NDE in the Digital Age - A Future Perspective 

Claudia V. Kropas-Hughes, Ph.D.
NDE Research Leader
Air Force Research Laboratory
Materials and Manufacturing Directorate
Wright-Patterson AFB, Ohio, USA

The future of NDE will focus along two lines: 
(1) maintaining legacy (aging) systems longer; and      
(2) developing means to examine new systems which will be considered relatively disposable 
(e.g. automated/robotic systems, single use systems).        
       
The first issue will focus on answering questions such as: “Is it still safe to fly that aircraft?”  “What is the safety margin on the aircraft now that we are extending 
its service life?”  The second issue will require the knowledge that the system is operational, without operating it!  In both cases, the key will be having KNOWLEDGE 
about the system as a whole, including the overall health of the system at the current moment, AND an ability to predict the future health of the system when in use.

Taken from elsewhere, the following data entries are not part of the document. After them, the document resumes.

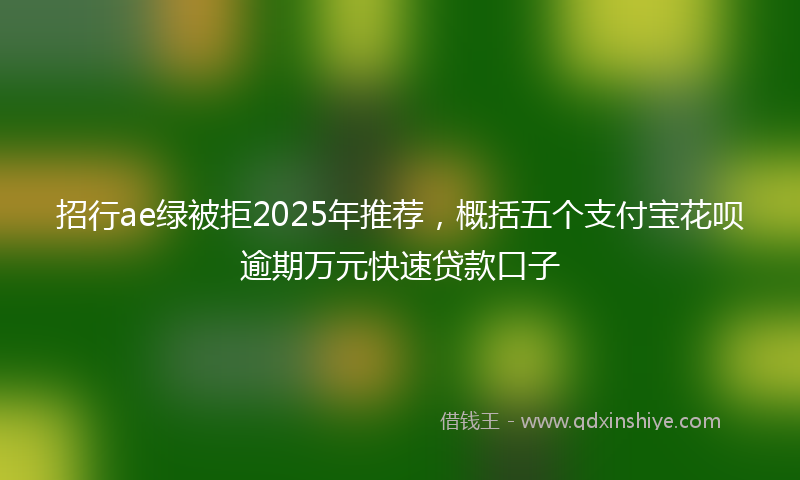 招行ae绿被拒2025年推荐，概括五个支付宝花呗逾期万元快速贷款口子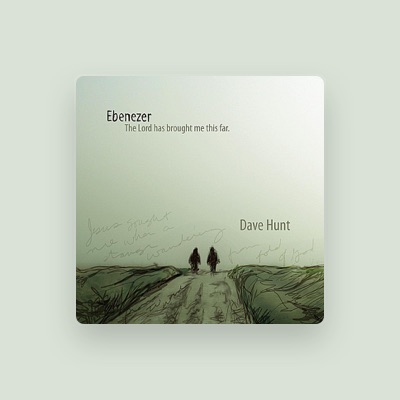 Listen to Dave Hunt, watch music videos, read bio, see tour dates & more!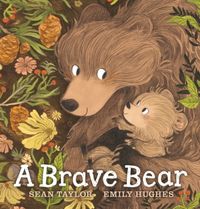 Produktbild: Taylor, S: A Brave Bear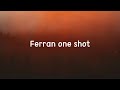 Ferran one shot lyrics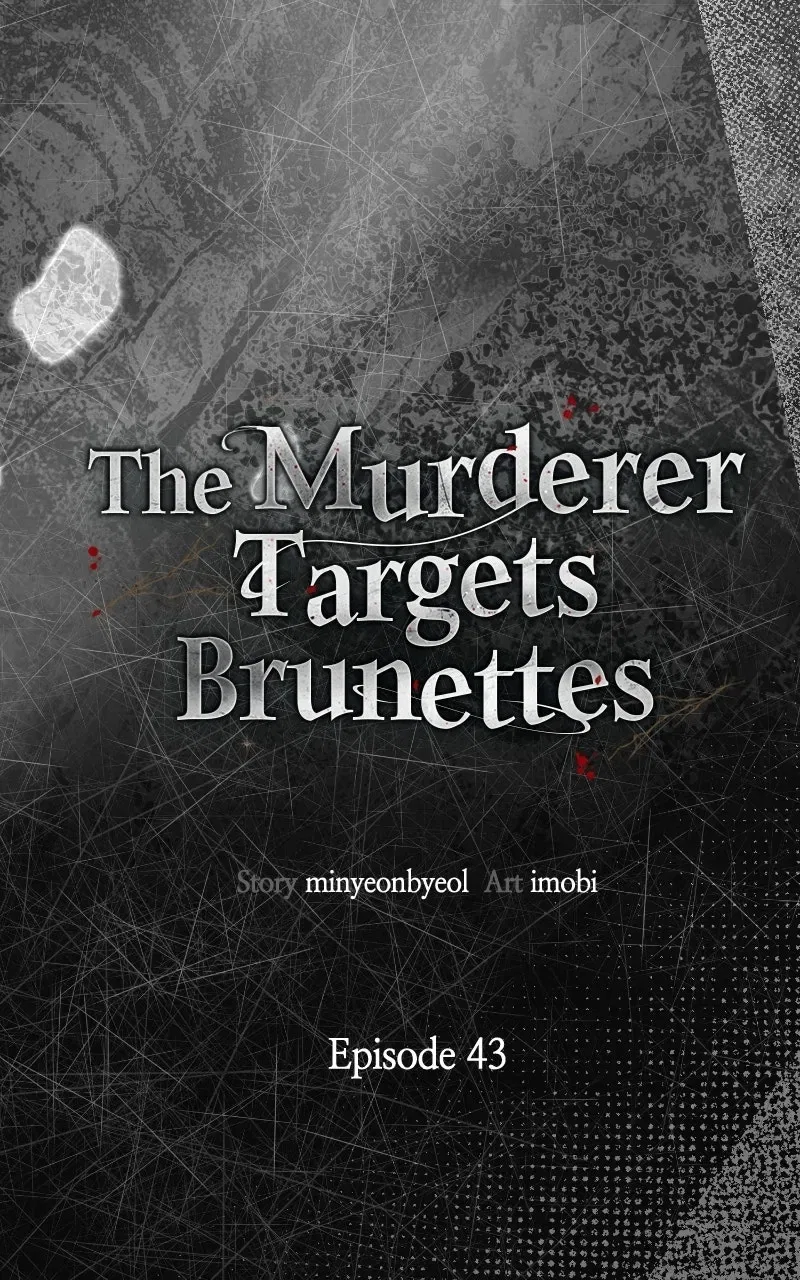The Murderer TargetsBrunettes Chapter 43 – Page 21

NDE measurements will be the key to providing data, from which we will extract the information, and with experience, develop knowledge on current and future 
system health. This use of NDE measurement, as data into the knowledge hierarchy (which is well beyond our current uses for defect detection), is a major 
paradigm shift in the way we think of and perform NDE!

This paradigm shift - using NDE data to provide information to the knowledge base of the overall air system - will require new types of NDE tools to be developed.  
These tools or sensors must have additional capabilities than traditional NDE tools:  area health monitoring, on-board, real-time sensing of system performance 
as well as flaws.  New computational analyses techniques and algorithms will also require development, to extract information from the data. The NDE measurement 
process flow would be:  from the NDE sensors, data is obtained. From this data, information must be extracted:  characterization information, about both the 
material of the system as well as any flaws or their pre-cursor development. This information is added with past information and experience into the overall knowledge 
base of the system.  In addition, the information will now be available for future analyses that will permit a temporal tracking of a system throughout its life cycle.